Belki bu hususlarda; “ümmet kendisini sorgulamaktan aciz görünüyor” demek isterdik. Fakat burada kaydedemediğimiz, toplumu içten içe çökerten, yüzlerce yaşanan olaylarda mı hiç dikkat çekmiyor?! Boşanmaların, geçimsizliğin, intiharların, zinanın, faizin, rüşvetin vb. şeylerin kat kat arttığı dillere destan olmuşken nasıl ilerlemeden bahsedilir?! Eğer bundan kasıtları zillet ve rezillik yönünden ilerleme ise bunda isabet ettiklerini söylemek mümkün.

Şu açık olan bir gerçek ki; batı hiçbir zaman İslam ümmeti için örnek olamaz. Olamadığı gibi örnekte alınamaz. İslam ümmeti bunların farkına varmak için İslamın kendilerine ne kazandırdığını ve küfür sistemlerinin ne kazandırıp neler götürdüğünü görmek zorundadır.

Bu ümmet 78 yıldır (belki daha fazla) aşağılanmanın verdiği etki çemberinde kalmıştır. Belki alıştıklarından dolayı aşağılanmak onlar için bir sorun olarak karşılarına çıkmıyor. Böyle bir sorunları olsa idi en azından bir karşılaştırma cihetine giderlerdi. Eğer bu hususları bir nebze düşünecek olsalardı; karşılarında kendilerini izzete kavuşturmak isteyen bir nizamın ve bunun taşıyıcıları olan dava elemanlarının varlığına şahit olacaklardı.

Evet, o nizam ki (İslam); ümmetin aşağılık içerisinde yaşamasını asla kabul etmez ve buna nizamında da asla yer vermez. Allah’u Teala bu hususta şöyle buyurdu:

“Siz, insanların iyiliği için ortaya çıkarılmış en hayırlı ümmetsiniz...” (Al-i İmran 110)

Ayrıca İslam zihniyetine sahip olan bir kişi böylesi ortamlara katiyen razı olamaz. Çünkü inancı buna müsaade etmez ve de böyle bir hususu bağrında barındırmaz. Yüce Rabbimiz kitabı Kur’an-ı Kerimde şöyle buyuruyor:

“...Artık doğrulukla eğrilik birbirinden ayrılmıştır. O halde kim tâğutu reddedip Allah'a inanırsa, kopmayan sağlam kulpa yapışmıştır...” (Bakara 256)

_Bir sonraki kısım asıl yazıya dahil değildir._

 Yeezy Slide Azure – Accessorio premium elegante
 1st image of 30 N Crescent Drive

Şahsiyetli bir yaşayış ancak İslam’ım kendisinde vardır. Çünkü İslam, insana insani değerlerini veren tek nizamdır. Onu her haliyle yükseltmeye çalışır. Allah (cc) bu hususta şöyle buyuruyor:

“Sizi yeryüzünün halifeleri kılan, size verdiği (nimetler) hususunda sizi denemek için kiminizi kiminizden derecelerle üstün kılan O'dur...” (En’am 165)

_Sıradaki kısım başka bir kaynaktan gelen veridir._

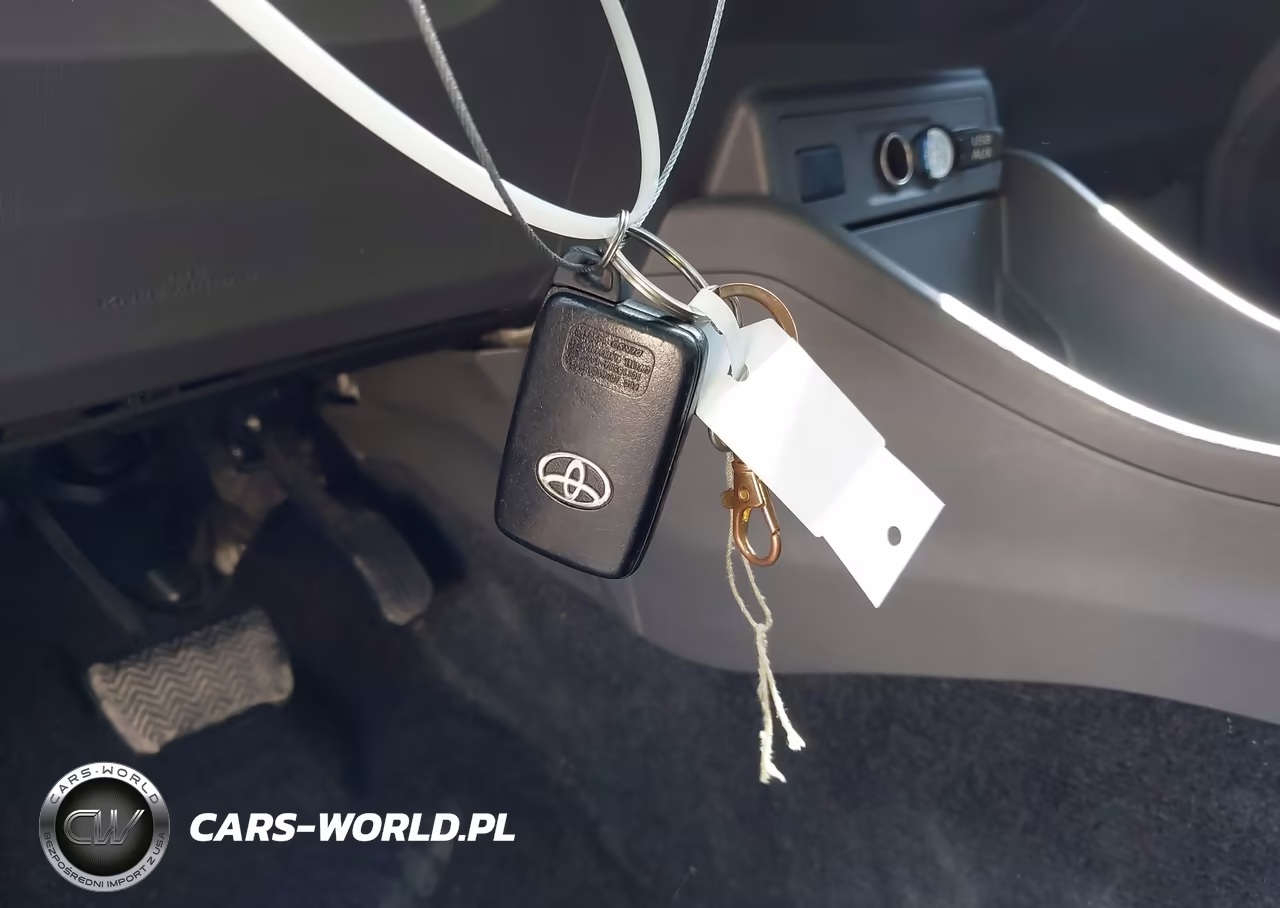 2012 Toyota Prius V Two VIN:JTDZN3EU2C3072147 - 11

Bu gün; ümmeti aşağılık kompleksinden kurtaracak olan tek yol İslami hayatı yeniden ikame etmeleridir. İslami hayat olmadan İslam ümmeti her halükarda horlanmaya mahkumdur. Batı sistemleri onlara şu ana kadar izzet verici hiçbir şey kazandırmamış ve de kazandırma gücüne sahip de değildir. İslam ümmeti kendilerine sahip çıkacak sultayı otoriteyi ancak İslam bayrağı altında Raşidi Hilafet düzeni içerisinde görmesi mümkündür.

O düzen ki; hiçbir fert zulmetme hakkına sahip değildir. O düzen ki; hiçbir ferdinin kafirlerin zulmüne maruz kalmasına göz yummaz. O sistemdir ki; idareciler ümmetin hizmetçileri olurlar. Hz. Ömer (ra) bunun en güzel örneklerinden birini teşkil eder. O İslam’dan aldığı vecihle yeri geldiğinde sırtında un torbası taşıyarak, yeri geldiğinde ordunun önünde savaşa katılarak devlet-ümmet iç içe yaşama olayını en güzel şekilde sergilemiştir.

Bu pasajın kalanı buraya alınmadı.